In the same article, Friedman refers to the 1936 Peel Commission partition proposal. This was a proposal that would have allocated just 17 percent of Mandatory Palestine to a Jewish state and a much larger portion to a Palestinian state. Faced with the danger that would later become the Holocaust, the Zionists reluctantly accepted, while the Arabs of Palestine would not even agree to meet with members of the Commission.

This same inability by the Arab world to accept the existence of a Jewish state occurred after 1947, when, as Friedman notes, the UN voted to partition Palestine. Arab rejection of Israel as a state appeared again in 1967, after the Six-Day War when the Arab League resolved that there would be no peace, no recognition, and no negotiations with Israel.

Intensive negotiations toward a settlement between Israelis and Palestinians have included the Oslo Accords of 1993 and two occasions, 2000 and 2008 when far-reaching concessions offered by Israel toward a Palestinian state in Gaza and the West Bank were rejected.

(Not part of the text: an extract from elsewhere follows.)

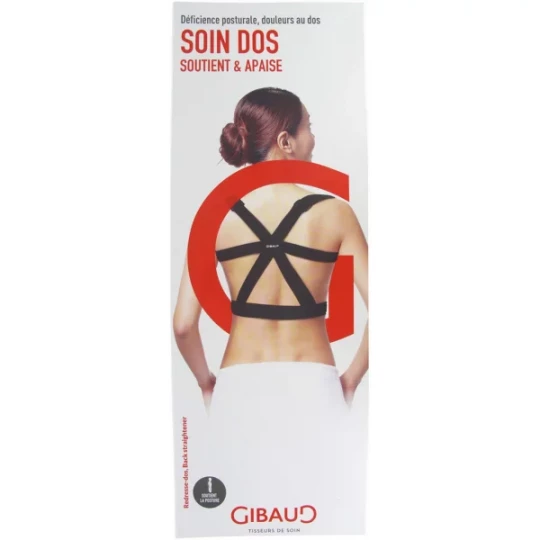 Gibaud Soin Dos Redresse Dos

In fact, the Palestinian suicide bombers of the Second Intifada (1987-1993) contributed to the demise of the Israeli political Left and the rightward shift of Israeli politics.

Today, the two million Palestinians of Gaza are hostages to Hamas, a terrorist organization that has no interest in a two-state solution, while Mahmoud Abbas, the leader of the Palestinians in the West Bank, questions the historicity of the Holocaust. Nor does Hezbollah, a terrorist-Iranian proxy in Lebanon, or the Government of Iran, support the existence of the Jewish state.

The American historian Daniel Pipes is correct when he said, in a 2023 Jerusalem Post interview with Seth Frantzman, that the struggle between Israelis and Palestinians will only end when the Palestinians give up their goal of eliminating Israel.

Today, the conflict has evolved to include a Palestinian-led international effort to delegitimize Israel. Perhaps Mr. Friedman does not get the meaning of the slogan "from the river to the sea," but I do.